_DATA PROVIDED:_
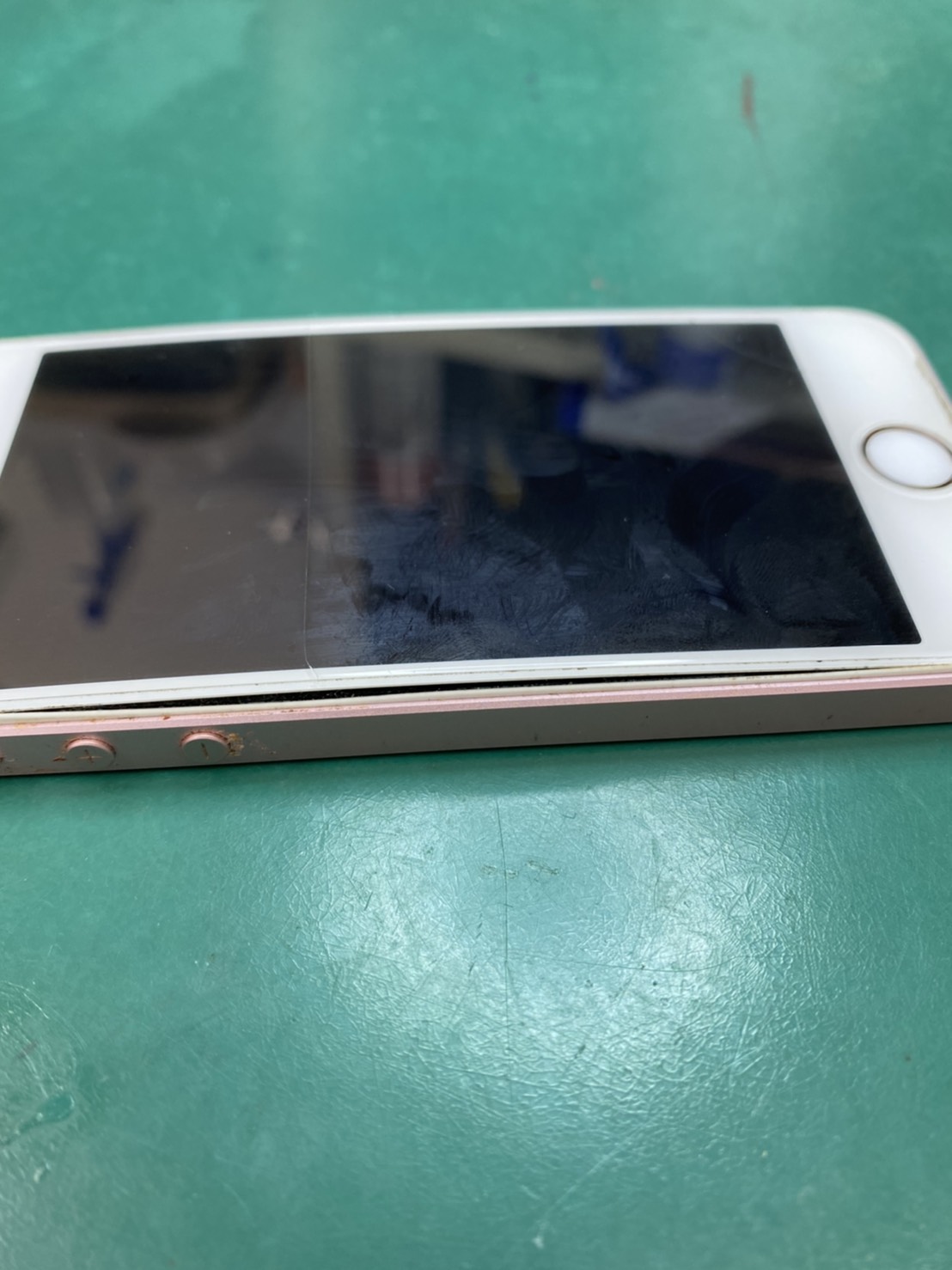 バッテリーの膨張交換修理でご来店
--
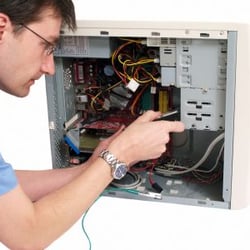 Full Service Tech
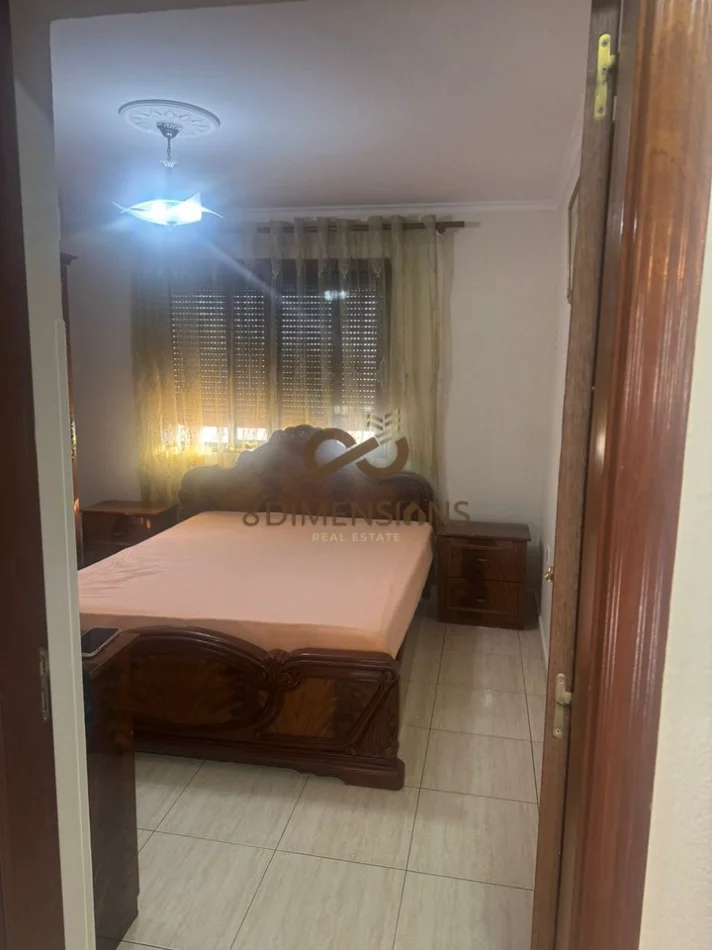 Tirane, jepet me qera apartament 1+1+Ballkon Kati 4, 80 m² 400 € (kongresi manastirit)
--
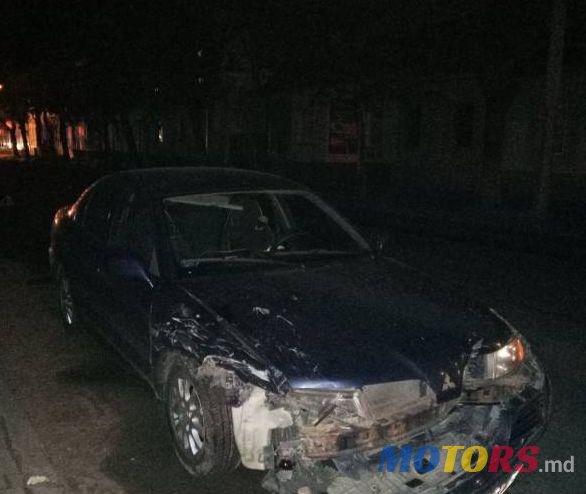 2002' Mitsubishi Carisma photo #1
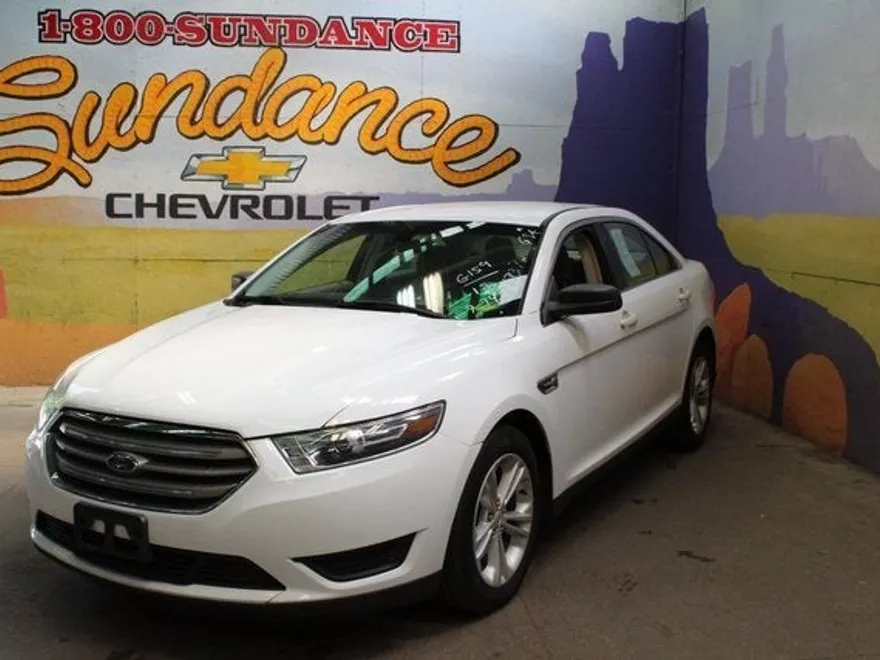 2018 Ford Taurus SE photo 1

_REQUIREMENT:_ Reproduce the lines above starting at the one with "2002' Mitsubishi Carisma photo #1" and ending at the one with "2018 Ford Taurus SE photo 1", both included, exactly and with no pictures.

_EXERCISE ANSWER:_
 2002' Mitsubishi Carisma photo #1
 2018 Ford Taurus SE photo 1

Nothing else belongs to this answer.